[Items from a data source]
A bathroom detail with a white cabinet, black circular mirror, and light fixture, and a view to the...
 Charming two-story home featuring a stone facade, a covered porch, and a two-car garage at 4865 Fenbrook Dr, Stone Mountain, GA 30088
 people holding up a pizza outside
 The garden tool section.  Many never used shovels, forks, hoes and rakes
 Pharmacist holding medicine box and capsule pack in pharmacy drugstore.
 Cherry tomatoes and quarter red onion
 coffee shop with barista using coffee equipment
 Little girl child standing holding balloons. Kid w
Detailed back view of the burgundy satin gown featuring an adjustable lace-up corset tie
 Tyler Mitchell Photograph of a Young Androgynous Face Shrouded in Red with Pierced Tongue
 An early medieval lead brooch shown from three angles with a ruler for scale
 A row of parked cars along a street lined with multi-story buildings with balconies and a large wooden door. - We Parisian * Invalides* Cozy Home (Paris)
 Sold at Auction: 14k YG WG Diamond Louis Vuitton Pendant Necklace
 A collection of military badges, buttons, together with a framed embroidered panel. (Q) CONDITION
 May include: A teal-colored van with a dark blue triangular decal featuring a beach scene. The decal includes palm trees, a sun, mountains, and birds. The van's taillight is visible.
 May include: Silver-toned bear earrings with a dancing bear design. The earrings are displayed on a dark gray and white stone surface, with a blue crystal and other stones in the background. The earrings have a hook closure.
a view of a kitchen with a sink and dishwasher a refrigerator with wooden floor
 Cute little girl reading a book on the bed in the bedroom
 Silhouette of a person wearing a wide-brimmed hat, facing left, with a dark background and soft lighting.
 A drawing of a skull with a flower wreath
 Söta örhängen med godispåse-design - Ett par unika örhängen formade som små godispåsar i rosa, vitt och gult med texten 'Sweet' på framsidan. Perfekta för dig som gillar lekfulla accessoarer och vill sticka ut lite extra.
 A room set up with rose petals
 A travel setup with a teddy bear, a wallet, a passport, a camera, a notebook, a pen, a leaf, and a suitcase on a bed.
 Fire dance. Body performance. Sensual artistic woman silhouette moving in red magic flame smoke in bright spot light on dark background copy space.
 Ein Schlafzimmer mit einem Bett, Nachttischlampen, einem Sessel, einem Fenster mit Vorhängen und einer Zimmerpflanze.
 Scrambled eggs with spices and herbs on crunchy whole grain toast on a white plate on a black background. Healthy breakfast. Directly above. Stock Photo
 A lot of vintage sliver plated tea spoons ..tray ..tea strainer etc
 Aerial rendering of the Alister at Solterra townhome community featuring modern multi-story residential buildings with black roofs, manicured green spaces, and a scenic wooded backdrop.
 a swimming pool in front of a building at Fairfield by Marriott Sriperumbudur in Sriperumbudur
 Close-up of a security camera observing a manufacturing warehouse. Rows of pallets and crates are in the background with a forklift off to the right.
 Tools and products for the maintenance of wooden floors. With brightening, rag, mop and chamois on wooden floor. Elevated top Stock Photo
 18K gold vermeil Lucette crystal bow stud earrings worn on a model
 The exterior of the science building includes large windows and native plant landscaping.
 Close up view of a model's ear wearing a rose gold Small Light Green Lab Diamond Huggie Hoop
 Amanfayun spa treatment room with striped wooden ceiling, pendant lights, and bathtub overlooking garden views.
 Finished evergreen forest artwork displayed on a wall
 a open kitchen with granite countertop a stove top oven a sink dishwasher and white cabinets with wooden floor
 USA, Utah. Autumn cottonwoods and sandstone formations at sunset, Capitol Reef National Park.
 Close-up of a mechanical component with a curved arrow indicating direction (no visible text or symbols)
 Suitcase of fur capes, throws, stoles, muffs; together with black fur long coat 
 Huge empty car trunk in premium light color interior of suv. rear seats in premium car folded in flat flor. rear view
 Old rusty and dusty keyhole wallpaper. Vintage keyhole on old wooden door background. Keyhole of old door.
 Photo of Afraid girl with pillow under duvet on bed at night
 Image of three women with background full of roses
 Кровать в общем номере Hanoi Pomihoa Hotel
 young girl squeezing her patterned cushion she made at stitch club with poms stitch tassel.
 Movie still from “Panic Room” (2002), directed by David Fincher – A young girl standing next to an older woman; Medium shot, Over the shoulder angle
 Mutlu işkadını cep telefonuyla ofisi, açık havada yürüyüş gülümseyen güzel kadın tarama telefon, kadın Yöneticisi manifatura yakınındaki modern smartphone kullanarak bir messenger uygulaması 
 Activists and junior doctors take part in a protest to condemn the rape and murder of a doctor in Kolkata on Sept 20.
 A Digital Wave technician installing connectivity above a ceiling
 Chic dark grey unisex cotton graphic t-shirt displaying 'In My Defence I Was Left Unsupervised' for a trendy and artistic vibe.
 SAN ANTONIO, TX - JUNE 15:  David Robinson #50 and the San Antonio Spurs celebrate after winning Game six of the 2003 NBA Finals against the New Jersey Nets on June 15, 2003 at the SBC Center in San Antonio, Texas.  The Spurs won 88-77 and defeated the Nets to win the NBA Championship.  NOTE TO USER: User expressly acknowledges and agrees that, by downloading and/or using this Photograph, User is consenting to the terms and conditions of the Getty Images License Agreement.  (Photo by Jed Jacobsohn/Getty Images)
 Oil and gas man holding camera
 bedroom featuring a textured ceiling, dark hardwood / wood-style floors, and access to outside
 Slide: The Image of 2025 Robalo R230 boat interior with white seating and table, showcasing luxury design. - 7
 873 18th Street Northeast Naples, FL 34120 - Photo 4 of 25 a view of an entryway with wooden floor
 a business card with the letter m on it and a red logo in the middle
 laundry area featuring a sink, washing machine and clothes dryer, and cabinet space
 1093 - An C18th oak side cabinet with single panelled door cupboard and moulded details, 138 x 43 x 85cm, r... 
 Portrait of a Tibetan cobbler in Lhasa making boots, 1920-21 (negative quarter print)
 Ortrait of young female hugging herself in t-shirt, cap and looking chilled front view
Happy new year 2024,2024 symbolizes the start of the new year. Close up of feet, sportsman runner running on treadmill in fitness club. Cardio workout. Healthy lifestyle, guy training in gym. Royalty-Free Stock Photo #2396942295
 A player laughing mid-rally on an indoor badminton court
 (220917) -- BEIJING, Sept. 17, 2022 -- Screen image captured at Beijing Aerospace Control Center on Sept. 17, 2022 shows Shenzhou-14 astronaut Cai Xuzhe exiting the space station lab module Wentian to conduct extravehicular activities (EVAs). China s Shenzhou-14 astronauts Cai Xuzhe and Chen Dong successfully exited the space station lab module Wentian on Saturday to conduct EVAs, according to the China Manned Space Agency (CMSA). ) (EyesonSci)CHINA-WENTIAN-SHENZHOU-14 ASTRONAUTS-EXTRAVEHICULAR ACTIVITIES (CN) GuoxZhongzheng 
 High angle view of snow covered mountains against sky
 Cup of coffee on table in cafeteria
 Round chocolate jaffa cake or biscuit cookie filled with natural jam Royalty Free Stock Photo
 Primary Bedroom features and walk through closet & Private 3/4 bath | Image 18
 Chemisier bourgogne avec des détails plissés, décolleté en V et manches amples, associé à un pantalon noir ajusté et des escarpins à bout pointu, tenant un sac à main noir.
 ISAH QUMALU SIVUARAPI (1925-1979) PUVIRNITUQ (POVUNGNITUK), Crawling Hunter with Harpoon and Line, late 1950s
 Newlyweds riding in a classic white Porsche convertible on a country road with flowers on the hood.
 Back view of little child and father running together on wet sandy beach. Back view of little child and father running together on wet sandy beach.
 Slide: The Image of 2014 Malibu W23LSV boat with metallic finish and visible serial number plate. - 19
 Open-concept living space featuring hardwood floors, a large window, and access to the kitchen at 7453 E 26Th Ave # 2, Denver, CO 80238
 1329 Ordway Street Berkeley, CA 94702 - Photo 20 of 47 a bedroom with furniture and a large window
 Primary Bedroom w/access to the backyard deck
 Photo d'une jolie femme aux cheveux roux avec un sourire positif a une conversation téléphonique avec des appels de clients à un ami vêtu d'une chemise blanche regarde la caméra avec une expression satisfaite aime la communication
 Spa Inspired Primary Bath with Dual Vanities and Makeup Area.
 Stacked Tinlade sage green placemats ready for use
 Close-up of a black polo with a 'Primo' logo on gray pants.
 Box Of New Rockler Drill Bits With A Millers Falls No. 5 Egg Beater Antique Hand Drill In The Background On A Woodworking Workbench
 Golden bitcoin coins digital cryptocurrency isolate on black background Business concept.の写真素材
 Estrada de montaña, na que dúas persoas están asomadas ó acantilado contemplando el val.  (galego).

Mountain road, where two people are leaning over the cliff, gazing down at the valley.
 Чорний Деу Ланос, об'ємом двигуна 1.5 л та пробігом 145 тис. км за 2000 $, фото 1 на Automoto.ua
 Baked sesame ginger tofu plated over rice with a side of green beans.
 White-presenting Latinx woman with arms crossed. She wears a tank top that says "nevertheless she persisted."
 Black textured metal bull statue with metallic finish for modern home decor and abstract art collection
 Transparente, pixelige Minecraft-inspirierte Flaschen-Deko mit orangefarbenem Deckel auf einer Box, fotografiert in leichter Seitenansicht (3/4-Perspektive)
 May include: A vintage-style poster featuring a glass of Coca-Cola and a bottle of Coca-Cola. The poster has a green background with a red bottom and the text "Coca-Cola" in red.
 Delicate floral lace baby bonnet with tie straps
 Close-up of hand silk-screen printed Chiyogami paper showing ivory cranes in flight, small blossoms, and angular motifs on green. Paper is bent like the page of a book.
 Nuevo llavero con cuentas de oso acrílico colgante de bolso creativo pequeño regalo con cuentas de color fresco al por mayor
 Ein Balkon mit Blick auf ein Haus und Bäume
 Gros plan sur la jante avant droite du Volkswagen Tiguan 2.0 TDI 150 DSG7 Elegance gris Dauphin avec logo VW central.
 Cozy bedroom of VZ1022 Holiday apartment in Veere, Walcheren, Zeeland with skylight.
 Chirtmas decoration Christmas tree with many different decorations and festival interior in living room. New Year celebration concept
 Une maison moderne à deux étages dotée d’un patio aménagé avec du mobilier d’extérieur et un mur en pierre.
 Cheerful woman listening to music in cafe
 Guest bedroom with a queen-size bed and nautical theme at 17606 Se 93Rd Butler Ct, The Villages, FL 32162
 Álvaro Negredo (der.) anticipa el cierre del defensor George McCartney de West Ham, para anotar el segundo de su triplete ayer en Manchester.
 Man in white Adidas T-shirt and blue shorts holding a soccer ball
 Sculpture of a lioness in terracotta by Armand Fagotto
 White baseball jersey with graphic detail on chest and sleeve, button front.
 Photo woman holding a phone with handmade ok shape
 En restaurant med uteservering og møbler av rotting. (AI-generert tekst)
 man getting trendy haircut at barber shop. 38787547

# Your objective
Keep only those lines of the records that hold "Slide", and return them.

# The completed task
 Slide: The Image of 2025 Robalo R230 boat interior with white seating and table, showcasing luxury design. - 7
 Slide: The Image of 2014 Malibu W23LSV boat with metallic finish and visible serial number plate. - 19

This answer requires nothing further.